DCS Otto Siemens 400

November 3, 2021

OTTO Motors, a leading provider of autonomous mobile robots (AMRs), and Siemens Canada, a leader in the global digital transformation in industry and a division of Siemens AG, have announced a new partnership. Together, the companies are breaking new ground in Industry 4.0 technologies, in areas ranging from high-performance collaborative mobile robot control to physical asset tracking using Real Time Location Systems (RTLS). RTLS is Siemens’ latest state-of-the-art technology which uses a scalable locating system specifically designed for industrial applications.

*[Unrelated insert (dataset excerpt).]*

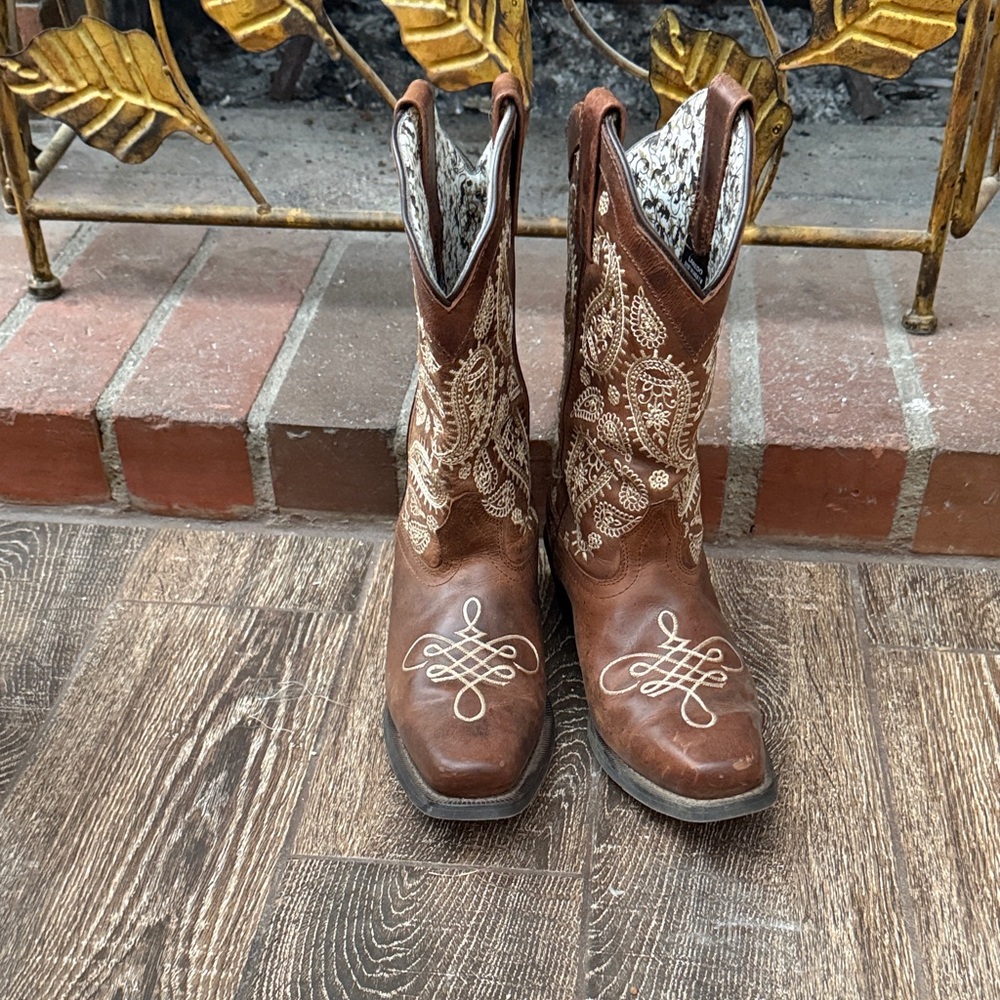 Brown Western Cowboy Boots with Embroidered Design
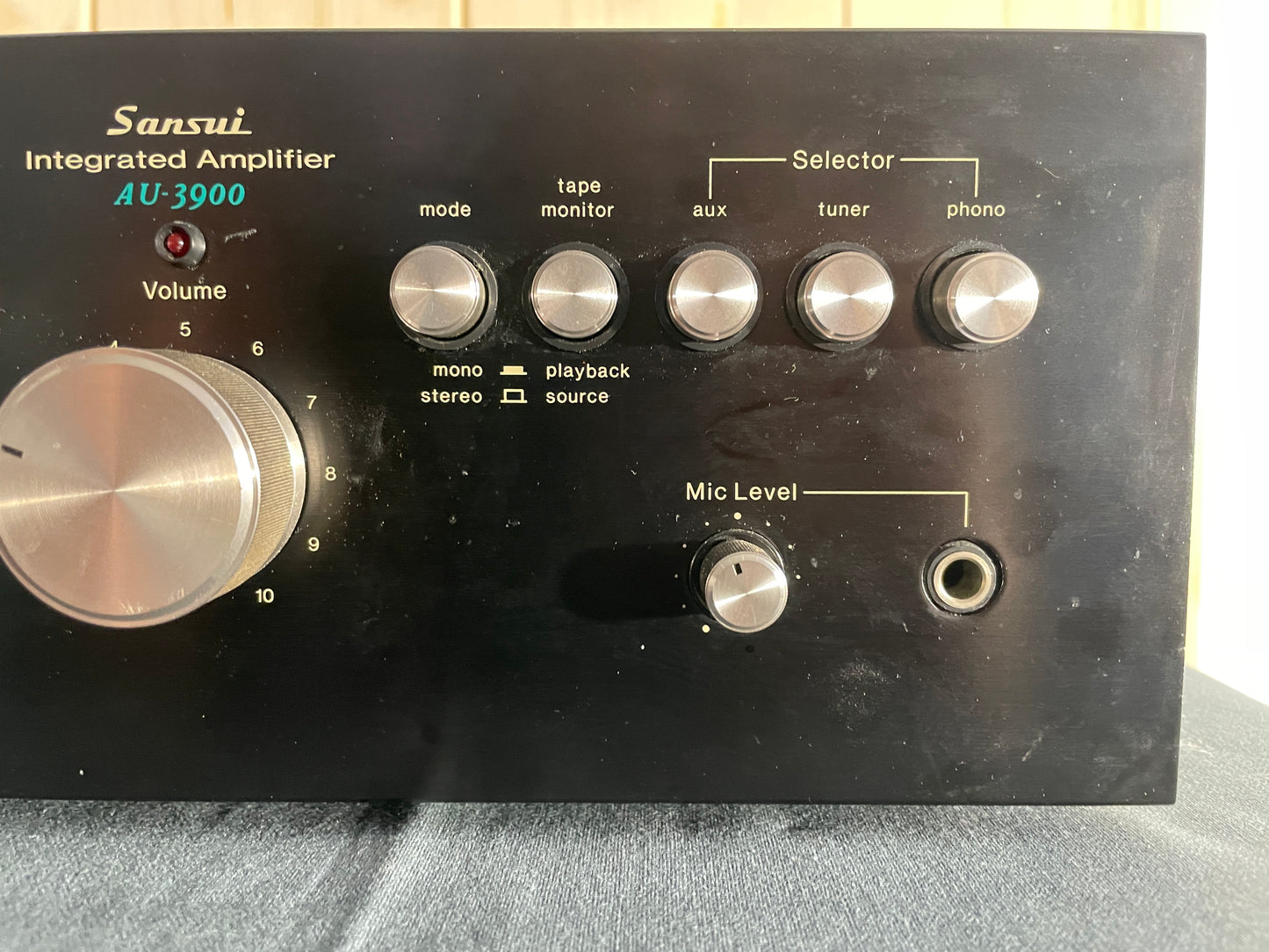 1976 Sansui AU-3900 Japan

“Siemens’ global presence and breadth of product portfolio has been clear to us for as long as we’ve been in business,” said Ryan Gariepy, CTO of OTTO Motors. “Using Siemens controllers to power OTTO fleets will allow our AMRs to achieve a new level of driving performance without compromising safety. For our customers, this means maximum productivity and better ROI.”

OTTO Motors provides autonomous material handling inside manufacturing facilities and warehouses. Instead of operators pushing carts or driving forklifts, OTTO’s line of AMRs deliver materials safely, reliably, and efficiently. The combination of ease-of-use and a powerful software suite ensures that OTTO AMR’s can deliver value in short order and easily scale to manage complex deployments.

“Siemens RTLS systems will enable OTTO Motors’ customers to dynamically locate autonomous mobile robots and other assets with up to 30 cm accuracy,” explains Joris Myny, SVP, Digital Industries, Siemens Canada. “The result is an optimized fleet and precise AMR routing as well as enhanced bottleneck and collision avoidance. Any asset or person with an RTLS transponder can be seen and tracked, which opens up additional asset tracking use cases beyond the AMR implementation.”

Most recently, Siemens customized its industrial controller development toolchain in a way that allows OTTO to develop, test, and deploy controls code to better align with the needs of mobile autonomous systems. This has permitted OTTO to develop, validate, and deploy everything from minor improvements to entirely new robots into production over four times faster than previously possible.